Ketiga, selama ini setiap Ramadan kegiatan belajar mengajar di sekolah mengalami modifikasi. Mulai dari pengurangan jam belajar, mengubah jam masuk dan pulang sekolah, atau belajar aktif hanya dua pekan pada pertengahan Ramadan.

“Sisanya sekolah mengadakan program Pesantren Ramadan. Jadi opsinya ada banyak," lanjut Satriwan.

Dengan begitu, siswa tetap belajar menuntaskan kurikulum, tapi juga tidak meninggalkan aktivitas spiritual Ramadan.
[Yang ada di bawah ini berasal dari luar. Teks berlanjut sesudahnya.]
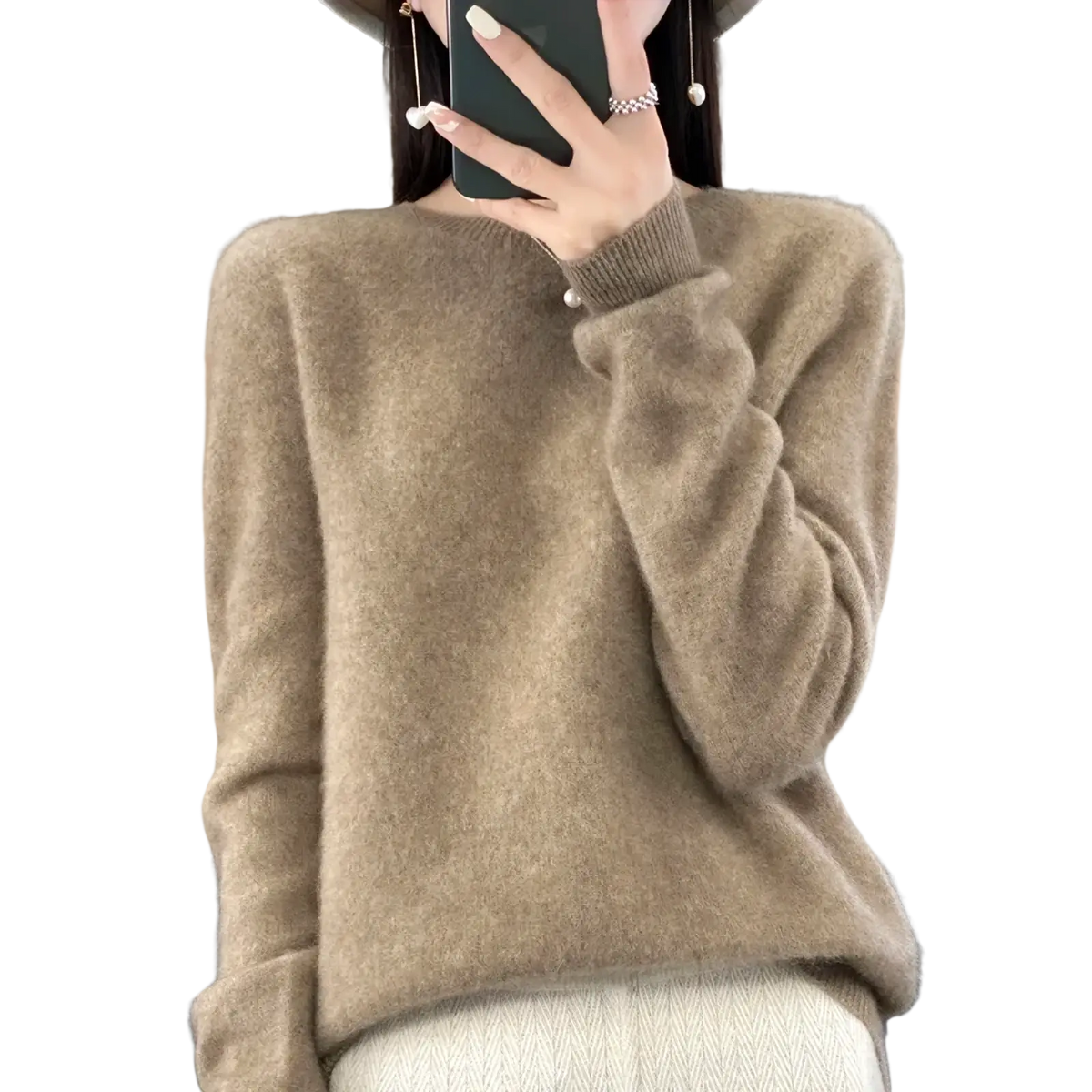 A soft beige merino wool women sweater o neck pullover top with cozy fluffy texture and ribbed cuffs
Jika siswa libur selama puasa, menurut Satriwan akan berdampak negatif terhadap capaian pembelajaran mereka karena kurikulum dan materi pembelajaran akan banyak tertinggal.

Potensi Peningkatan Kenakalan Remaja

Keempat, lemahnya pemantauan dan pengawasan siswa oleh guru maupun orang tua jika sekolah libur selama Ramadan. Orang tua seharusnya memiliki kendali penuh dalam mengawasi belajar anak selama libur.

Namun kenyataannya, banyak orang tua bekerja dan memiliki aktivitas lain sehingga tidak dapat mengawasi dan membimbing anak selama libur.

Terakhir, yang paling penting, Satriwan mendorong pemerintah untuk mempertimbangkan dampak negatif libur berkepanjangan, seperti learning loss dan menambah potensi adiksi siswa pada gawai.

"Jangan sampai libur selama Ramadan menjadi ajang anak lama-lama berselancar di dunia maya, mengakses konten negatif kekerasan, game online, bahkan pornografi," ucap Satriwan khawatir.

Tak hanya itu, tren kenakalan remaja juga berpotensi meningkat ketika libur selama Ramadan, karena banyak kasus tawuran dan kekerasan lainnya terjadi pada musim libur.

Kegiatan sahur on the road yang saat ini sudah dilarang di beberapa daerah karena dianggap mengganggu ketertiban (ANTARA FOTO/Muhammad Adimaja)

Ketiga, siklus kekerasan yang dilakukan remaja pada musim liburan. Ini akan menemukan momentumnya saat libur Ramadan, karena memang banyak kasus tawuran dan kekerasan lainnya terjadi saat setelah sahur atau menjelang berbuka puasa. 

“Apalagi Ramadan itu anak-anak remaja berkesempatan keluar malam lebih lama. Bahkan sampai sahur. Ini perlu pengawasan dan pengaturan yang ketat. Di beberapa wilayah Indonesia, sudah dilarang kegiatan Sahur on The Road, karena seringkali menimbulkan perkelahian dan tindak pidana lainnya," pungkasnya.